The paper develops datasets and methods to assess student participation in real-life collaborative learning environments. In collaborative learning environments, students are organized into small groups where they are free to interact within their group. Thus, students can move around freely causing issues with strong pose variation, move out and re-enter the camera scene, or face away from the camera. We formulate the problem of assessing student participation into two subproblems: (i) student group detection against strong background interference from other groups, and (ii) dynamic participant tracking within the group. A massive independent testing dataset of 12,518,250 student label instances, of total duration of 21 hours and 22 minutes of real-life videos, is used for evaluating the performance of our proposed method for student group detection. The proposed method of using multiple image representations is shown to perform equally or better than YOLO on all video instances. Over the entire dataset, the proposed method achieved an F1 score of 0.85 compared to 0.80 for YOLO. Following student group detection, the paper presents the development of a dynamic participant tracking system for assessing student group participation through long video sessions. The proposed dynamic participant tracking system is shown to perform exceptionally well, missing a student in just one out of 35 testing videos. In comparison, a state of the art method fails to track students in 14 out of the 35 testing videos. The proposed method achieves 82.3% accuracy on an independent set of long, real-life collaborative videos.
Paper Structure (38 sections, 1 equation, 14 figures, 11 tables, 1 algorithm)
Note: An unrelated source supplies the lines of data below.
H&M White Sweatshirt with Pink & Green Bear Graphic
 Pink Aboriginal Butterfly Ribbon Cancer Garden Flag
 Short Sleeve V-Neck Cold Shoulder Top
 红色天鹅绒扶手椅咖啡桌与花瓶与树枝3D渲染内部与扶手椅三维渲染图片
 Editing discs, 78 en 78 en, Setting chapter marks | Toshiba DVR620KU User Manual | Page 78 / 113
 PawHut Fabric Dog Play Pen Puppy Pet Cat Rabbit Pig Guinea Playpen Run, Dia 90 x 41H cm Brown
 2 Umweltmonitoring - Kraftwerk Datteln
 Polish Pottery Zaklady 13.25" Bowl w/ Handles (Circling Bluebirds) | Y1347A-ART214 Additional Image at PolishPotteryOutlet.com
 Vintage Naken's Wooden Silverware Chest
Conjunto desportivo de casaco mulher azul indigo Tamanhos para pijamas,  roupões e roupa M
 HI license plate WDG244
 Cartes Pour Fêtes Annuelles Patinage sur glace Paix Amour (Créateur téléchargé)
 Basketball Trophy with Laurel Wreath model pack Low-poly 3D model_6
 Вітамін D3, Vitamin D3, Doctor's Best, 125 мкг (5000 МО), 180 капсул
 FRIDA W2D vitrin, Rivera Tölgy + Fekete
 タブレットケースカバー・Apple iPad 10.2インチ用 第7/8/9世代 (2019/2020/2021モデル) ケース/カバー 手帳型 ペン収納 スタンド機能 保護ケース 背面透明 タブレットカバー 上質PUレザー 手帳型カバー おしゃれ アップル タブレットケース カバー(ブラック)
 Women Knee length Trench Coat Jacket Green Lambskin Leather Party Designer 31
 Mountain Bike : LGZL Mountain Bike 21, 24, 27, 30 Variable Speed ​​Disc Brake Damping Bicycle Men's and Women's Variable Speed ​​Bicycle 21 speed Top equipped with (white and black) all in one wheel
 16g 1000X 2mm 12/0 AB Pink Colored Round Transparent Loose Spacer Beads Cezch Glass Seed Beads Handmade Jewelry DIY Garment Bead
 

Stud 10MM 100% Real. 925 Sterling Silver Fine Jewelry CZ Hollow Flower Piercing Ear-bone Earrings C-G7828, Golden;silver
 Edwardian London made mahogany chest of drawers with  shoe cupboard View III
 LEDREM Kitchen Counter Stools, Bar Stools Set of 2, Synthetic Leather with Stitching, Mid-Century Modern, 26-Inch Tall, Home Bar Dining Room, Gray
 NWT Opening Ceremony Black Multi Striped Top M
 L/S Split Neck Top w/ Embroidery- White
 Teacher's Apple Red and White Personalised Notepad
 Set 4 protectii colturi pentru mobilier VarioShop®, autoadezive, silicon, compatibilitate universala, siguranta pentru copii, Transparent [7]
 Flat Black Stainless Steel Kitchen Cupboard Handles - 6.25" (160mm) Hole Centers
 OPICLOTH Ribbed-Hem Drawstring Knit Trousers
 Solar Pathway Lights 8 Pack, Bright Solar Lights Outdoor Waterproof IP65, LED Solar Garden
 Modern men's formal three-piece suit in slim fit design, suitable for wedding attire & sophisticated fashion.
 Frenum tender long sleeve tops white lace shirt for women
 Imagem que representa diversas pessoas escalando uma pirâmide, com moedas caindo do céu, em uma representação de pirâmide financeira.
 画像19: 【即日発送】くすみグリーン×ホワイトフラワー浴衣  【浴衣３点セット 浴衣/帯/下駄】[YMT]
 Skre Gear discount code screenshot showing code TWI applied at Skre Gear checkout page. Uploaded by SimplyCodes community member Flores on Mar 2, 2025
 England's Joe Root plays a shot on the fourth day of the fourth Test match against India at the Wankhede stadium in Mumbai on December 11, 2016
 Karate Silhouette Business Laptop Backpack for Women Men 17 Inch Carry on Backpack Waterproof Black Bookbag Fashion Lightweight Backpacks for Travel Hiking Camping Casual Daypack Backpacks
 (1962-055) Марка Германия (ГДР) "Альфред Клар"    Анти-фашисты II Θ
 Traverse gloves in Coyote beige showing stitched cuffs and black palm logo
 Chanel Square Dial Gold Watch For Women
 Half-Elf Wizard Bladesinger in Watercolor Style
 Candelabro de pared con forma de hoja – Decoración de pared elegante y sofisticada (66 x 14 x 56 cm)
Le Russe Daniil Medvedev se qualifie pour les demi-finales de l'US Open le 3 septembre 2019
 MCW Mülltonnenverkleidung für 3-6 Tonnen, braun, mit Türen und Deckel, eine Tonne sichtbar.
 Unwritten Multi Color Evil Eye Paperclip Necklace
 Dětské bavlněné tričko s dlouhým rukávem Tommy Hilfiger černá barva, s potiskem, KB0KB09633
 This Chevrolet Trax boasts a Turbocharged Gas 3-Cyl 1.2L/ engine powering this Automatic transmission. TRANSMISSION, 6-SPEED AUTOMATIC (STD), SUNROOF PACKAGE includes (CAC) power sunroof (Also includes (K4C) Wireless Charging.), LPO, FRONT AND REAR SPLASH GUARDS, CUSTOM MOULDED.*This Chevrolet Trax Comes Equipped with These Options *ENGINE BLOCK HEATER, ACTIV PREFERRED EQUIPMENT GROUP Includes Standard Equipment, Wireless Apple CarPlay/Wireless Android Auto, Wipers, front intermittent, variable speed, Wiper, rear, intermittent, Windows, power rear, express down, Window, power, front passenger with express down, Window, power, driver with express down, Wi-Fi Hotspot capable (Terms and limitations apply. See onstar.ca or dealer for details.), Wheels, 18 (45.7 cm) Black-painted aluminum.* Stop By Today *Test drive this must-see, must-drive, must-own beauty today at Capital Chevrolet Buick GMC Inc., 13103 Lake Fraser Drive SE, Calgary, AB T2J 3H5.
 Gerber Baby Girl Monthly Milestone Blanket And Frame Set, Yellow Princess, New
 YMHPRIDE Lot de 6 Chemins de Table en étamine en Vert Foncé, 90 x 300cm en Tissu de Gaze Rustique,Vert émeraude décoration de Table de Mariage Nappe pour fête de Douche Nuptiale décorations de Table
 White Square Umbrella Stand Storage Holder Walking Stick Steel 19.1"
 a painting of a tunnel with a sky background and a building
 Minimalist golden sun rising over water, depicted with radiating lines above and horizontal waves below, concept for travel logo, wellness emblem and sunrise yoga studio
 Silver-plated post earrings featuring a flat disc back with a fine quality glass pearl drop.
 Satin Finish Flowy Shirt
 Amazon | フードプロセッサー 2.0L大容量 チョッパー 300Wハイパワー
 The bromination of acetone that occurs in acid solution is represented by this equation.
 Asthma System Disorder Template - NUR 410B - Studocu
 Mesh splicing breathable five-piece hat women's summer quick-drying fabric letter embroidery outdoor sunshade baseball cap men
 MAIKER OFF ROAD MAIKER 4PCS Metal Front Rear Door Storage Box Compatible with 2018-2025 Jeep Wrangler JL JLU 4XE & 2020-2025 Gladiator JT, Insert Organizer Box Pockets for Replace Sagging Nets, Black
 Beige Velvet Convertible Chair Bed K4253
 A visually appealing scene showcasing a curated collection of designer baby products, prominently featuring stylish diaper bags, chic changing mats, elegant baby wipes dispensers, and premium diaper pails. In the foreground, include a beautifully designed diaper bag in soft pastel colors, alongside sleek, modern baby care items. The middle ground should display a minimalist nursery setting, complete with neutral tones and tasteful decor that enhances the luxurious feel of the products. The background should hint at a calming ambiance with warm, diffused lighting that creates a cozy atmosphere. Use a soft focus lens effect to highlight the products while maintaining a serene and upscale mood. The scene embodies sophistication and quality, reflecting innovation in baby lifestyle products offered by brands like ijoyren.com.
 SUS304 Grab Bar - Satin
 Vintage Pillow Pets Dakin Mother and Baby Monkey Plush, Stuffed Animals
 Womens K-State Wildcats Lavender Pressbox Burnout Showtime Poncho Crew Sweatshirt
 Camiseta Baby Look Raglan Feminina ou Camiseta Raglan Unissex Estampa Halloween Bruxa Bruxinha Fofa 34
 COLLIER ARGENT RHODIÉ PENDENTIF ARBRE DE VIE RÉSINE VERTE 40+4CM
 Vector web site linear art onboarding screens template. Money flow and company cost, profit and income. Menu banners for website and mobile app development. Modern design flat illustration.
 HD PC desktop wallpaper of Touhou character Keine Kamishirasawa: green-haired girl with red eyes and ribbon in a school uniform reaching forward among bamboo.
This paper contains 38 sections, 1 equation, 14 figures, 11 tables, 1 algorithm.

Figures (14)

  • Figure 1: Examples of the challenges associated with developing methods for assessing student participation based on the AOLME datasets.
  • Figure 2: A simple example to demonstrate the issues for training and testing dynamic participant tracking. In this example, we only show annotation for a single student per image. We note that there is no bounding box for the student in (d) because he is not visible. For the training and testing datasets, in each frame, we mark all of the students for each group.
  • Figure 3: AOLME student participation analysis system. We detect groups every second. We perform face recognition and dynamic participant tracking every frame.
  • Figure 4: Student Group Detection System.
  • Figure 5: AM-FM representation of the classroom environment.